Today, the premium Retail differential (loading for Own Occupation definition) is somewhere in the vicinity of 35-45% vs E.T.E Occupational definitions. 3
Raising the above points with my colleague resulted in further robust business discussion. This exchange reminded me that there are many insurance professionals in our market across multiple disciplines (underwriting, claims, product development and actuarial) who may not be aware of this history. Younger insurance technicians perhaps perplexed with the repetitive message of product unprofitability (losses) who maybe even questioning what can be done to “turn the tide” and return us to a sustainable industry setting. Appropriate questions and observations in an industry where we must continue to provide the ultimate support to our customers in their absolute time of need.
These historically used underwriting tools are not necessarily “fool-proof”. In fact, some of them arguably contain flaws. That said they were used in an attempt to alleviate possible risk exposure. Perhaps one, two or a tweaked combination of a few might be worth exploring.
Food-for-thought, ongoing discussion and consideration.
- DI Natured Cover: Once bitten, Twice shy – Or Not? Shane Burdack, On The Risk Vol.15 n.4 (1999).
- Lock Martin, Senior Underwriting Consultant Swiss Re, ANZ L&H Glenys O’Leary, G & T Risk Management Pty Ltd
Shane Burdack is a Senior Underwriting Consultant with Swiss Re Australia / New Zealand with a focus on cross functional stakeholder risk advice on underwriting philosophy, automation, innovation and product development. His career spans 25+ years across the reinsurance / insurance markets. He has been a member of local senior management executive teams via his Chief Underwriter and Claims Manager roles during his career.

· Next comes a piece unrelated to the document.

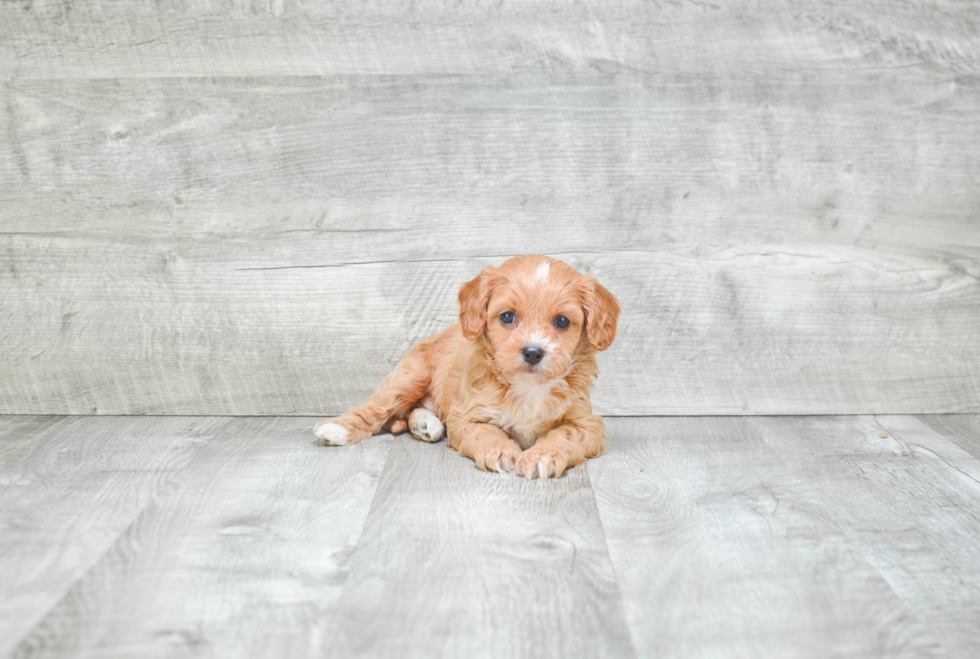 Fluffy Cavapoo Poodle Mix Pup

He is an active participant and risk advocate in key industry bodies and represented the Life Ins industry on the Federal Government’s Human Genetics Advisory Committee (HGAC) from 2009 – 2012. Shane has been published in numerous national and international industry journals.
He presented at the 2015 FSC Annual Life Conference, facilitated the genetics plenary session at the 2017 FSC Life Insurance Conference and has delivered presentations at major ALUCA bi-annual and mini-conferences, retail insurer national risk conferences and key broker / distribution seminars. He is a Fellow- ALUCA, Senior Associate- ANZIIF, Associate- Academy Life Underwriting (with distinction) and also holds a Diploma in Health Counselling.